My wife and I were genuinely in love with each other and although she is no longer here, my love for her has not changed at all. We used to have weekly "dates" and they could be as fancy as going to the theater to enjoy the symphony or an opera or as simple and warm as taking a walk in the woods near our neighborhood. We also went to dinner many times without our children; it was just for us to enjoy each others company. I loved those moments! How sublime it was!
When we watched a film, or a documentary together we weren't just watching movies together, we sat side by side skin-to-skin holding hands like two little children loving each other tenderly, or I would massage her feet or be resting my head on her thigs; I loved that!
Our intimacy had everything a man and a woman can do to feel loved, without limits, free. We also enjoyed having fun and tender moments. We joked with our children saying, "Mom and Dad are having a romantic shower! Please don't bother us!!!" - "Disgusting!" they would shout.
Those showers were special! She liked very hot showers; me not so much, but I would get used to the hot water after a couple of minutes. We took turns bathing our bodies, every inch, and then we would fuse in a long hug as the hot water ran through our bodies. How can I forget that?
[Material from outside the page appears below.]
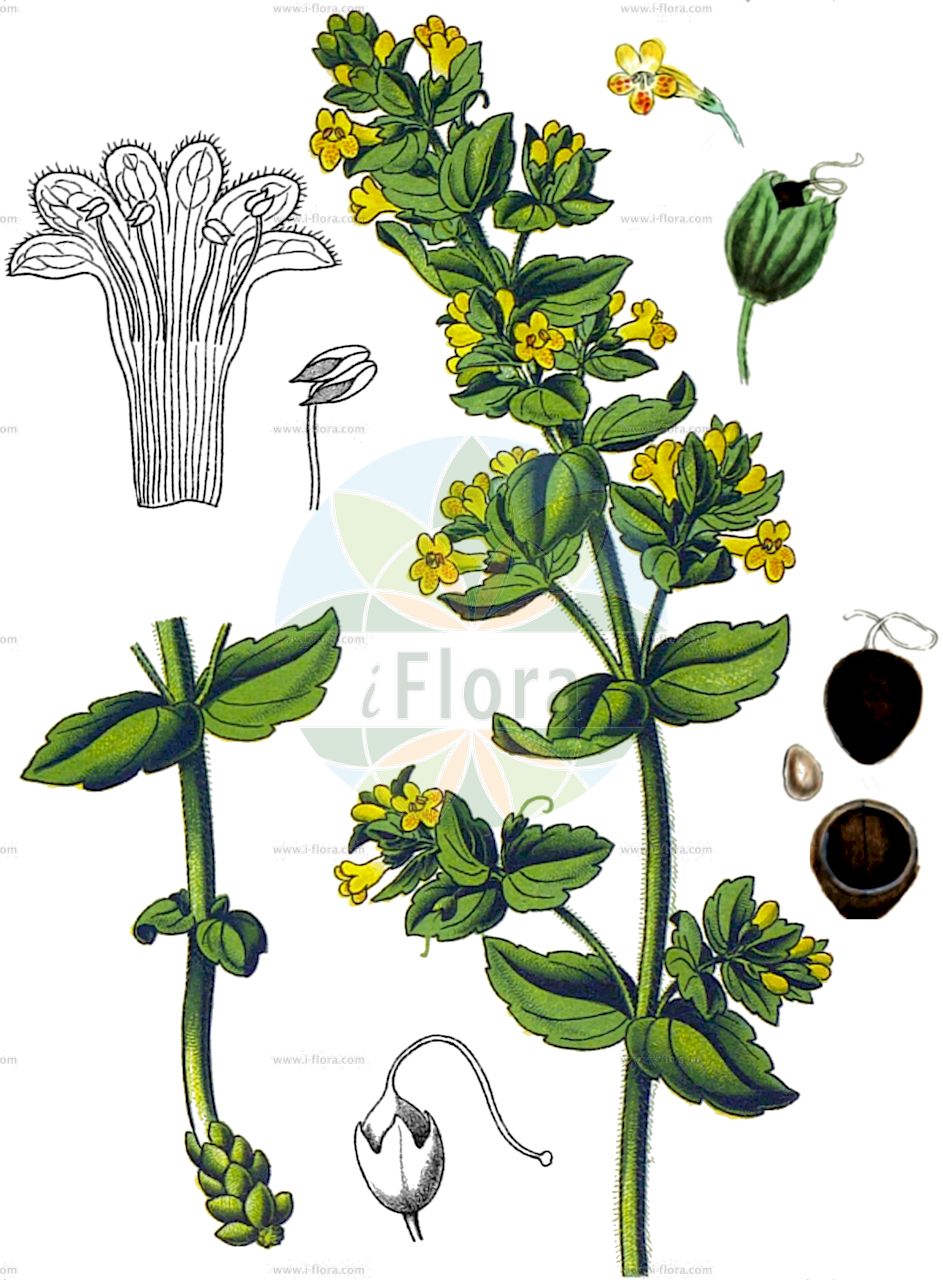 Tozzia alpina - Orobanchaceae,Plantae,Pteridobiotina,Angiosperms,Lamiales,Orobanchaceae,Tozzia,Tozzia alpina,Alpenrachen;Tozzie;alpine tozzia;Tozzie des Alpes;eufrasia menor;Tozzia;alpenbekje;альпийская тоцция;тоцция альпийская;alpski goltec;тоција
Did we have dark days? Yes, of course we did but we never question our feelings for each other and we always worked at listening and understanding one another. This was our secret, besides I thought that she was the most beautiful person in the world! Every love relationship needs to be maintain, take care of; it is like a tree, with no water, nutrients the tree will die. Our tree was very healthy when she started her journey into the next life.
Christina and I always did something special on our anniversary. On that special day of the year we would go to Cypress Mountain or Manning Provincial Park for a long walk in the snow. After our walk we would have dinner either at a restaurant or we would cook something really special. Last year we went to Manning Park, so this year I will recreate that walk as a tribute to her memory and the love I feel for her.